When she's out late can you verify where she is?
_Posted via Mobile Device_


----------



## AlmostYoung

It sounds like she has entered into a mid life crisis. She is unhappy and disappointed with everything in her life up to this point, and is searching for something more. Trying to break up the new friendship that she is passionate about will only backfire on you. In her mind she’s finally on a sensible path now that she has decided to leave you and try new things. What she doesn’t yet realize is that she can find this meaning and purpose that she is desperately searching for while staying in the marriage. You can lead the way.

First, DO NOT PANIC! Don’t beg and plead for another chance, don’t attempt to force her into counseling, don’t criticize her or try to make her feel bad for wanting to leave, and don’t try to end her new friendship. Instead, work on yourself. Stay connected to her as much as possible and build on that. You want to be the one she confides in and tells everything to, and likes to have fun with. Get some new hobbies, take some classes, go out with friends. Tell her all about the exciting things going on in your life. Ask about her interests, desires, dreams. Understand that she will not come around overnight, no matter what you do. Prepare yourself for a long ride if you want to save this. The good news is that it is possible to rebuild your marriage to one that is even stronger and more passionate than before.

Search “mid life crises in women” and learn what’s going on in her mind. You have to understand what she’s going through before you can respond properly. Do not suggest to her that she is going through a MLC. It will trivialize her feelings and she will resent the label. Remember, she has decided on a new course in life and it makes perfect sense to her.


----------



## Lon

It's an emotional affair (EA) at the minimum, or atleast for her it is and so she's following the cheaters script. When they get infatuated with their fantasy version of someone else they acquire an uncanny ability to rewrite their emotional history with you, even pinpoint the moment they fell out of love usually (hint it will be some trivial event such as you leaving the dishes out on the counter sometime 2 years ago, in which she felt it was the universe giving her a sign).

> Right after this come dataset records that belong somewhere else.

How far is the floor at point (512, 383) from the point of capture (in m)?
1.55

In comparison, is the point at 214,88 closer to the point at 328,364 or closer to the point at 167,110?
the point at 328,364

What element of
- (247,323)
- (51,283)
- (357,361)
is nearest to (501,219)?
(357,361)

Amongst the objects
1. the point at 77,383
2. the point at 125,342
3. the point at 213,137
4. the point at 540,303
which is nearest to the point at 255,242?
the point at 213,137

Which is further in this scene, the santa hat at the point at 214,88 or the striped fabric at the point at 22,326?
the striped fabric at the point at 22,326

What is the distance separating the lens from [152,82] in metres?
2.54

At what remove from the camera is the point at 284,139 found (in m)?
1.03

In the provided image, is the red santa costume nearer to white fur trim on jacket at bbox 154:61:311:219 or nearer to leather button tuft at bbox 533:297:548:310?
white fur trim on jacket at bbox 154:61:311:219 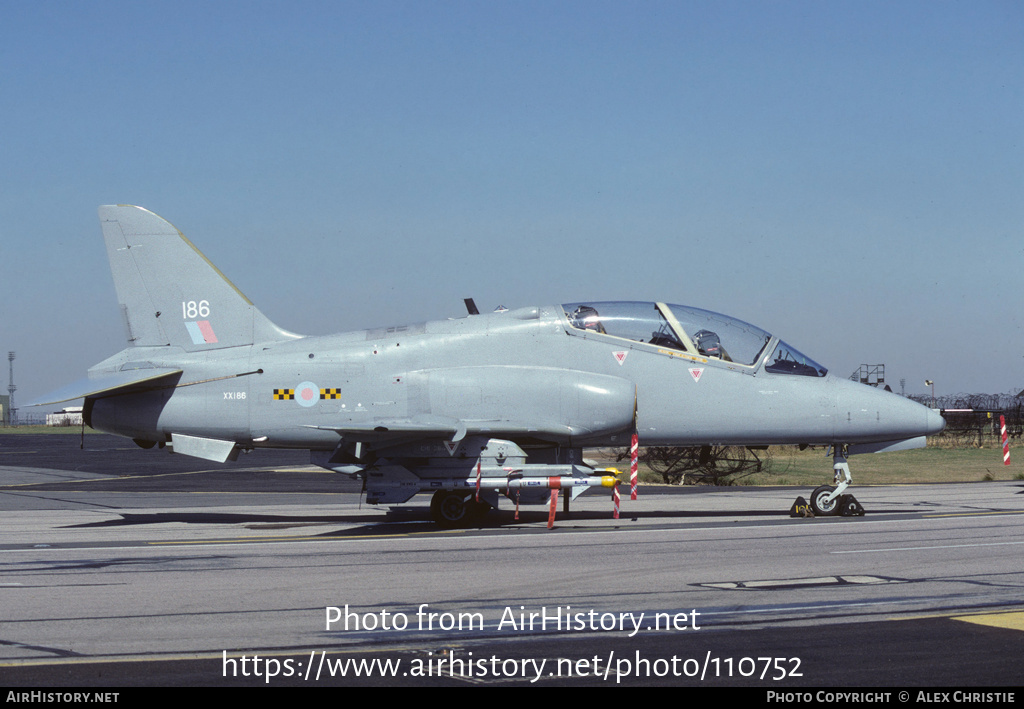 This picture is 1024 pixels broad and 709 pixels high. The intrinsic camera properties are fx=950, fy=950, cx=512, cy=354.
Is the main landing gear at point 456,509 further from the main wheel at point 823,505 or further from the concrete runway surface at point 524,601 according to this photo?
the main wheel at point 823,505

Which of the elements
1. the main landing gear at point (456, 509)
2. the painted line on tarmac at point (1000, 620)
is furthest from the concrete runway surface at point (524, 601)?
the main landing gear at point (456, 509)

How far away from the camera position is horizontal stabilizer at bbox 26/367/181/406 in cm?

If she was working late, it is probably also a PA, very likely something kinky and really difficult for your mind to cope with and you may start forming mental images of your W that torture you - just realize that when they go into affair fog they are capable of so much hurt to you and it not about you its about their twisted mind trying to experience as much as possible as fast as possible, it really is quite wreckless, they don't even mind the risk of being caught cause that just adds to it. It is horrible to experience as a loyal betrayed spouse, but you are not alone in this.


----------



## abaco

AlmostYoung said:


> It sounds like she has entered into a mid life crisis. She is unhappy and disappointed with everything in her life up to this point, and is searching for something more. Trying to break up the new friendship that she is passionate about will only backfire on you. .


Thank you Almost young and everyone else for your advice, I really appreciate it. 

My wife and I went to our second couples counseling session tonight. She stated that the problem with the marrage go's back a couple of years, that she kept feeling down but would always manage to pick herself up again until now. 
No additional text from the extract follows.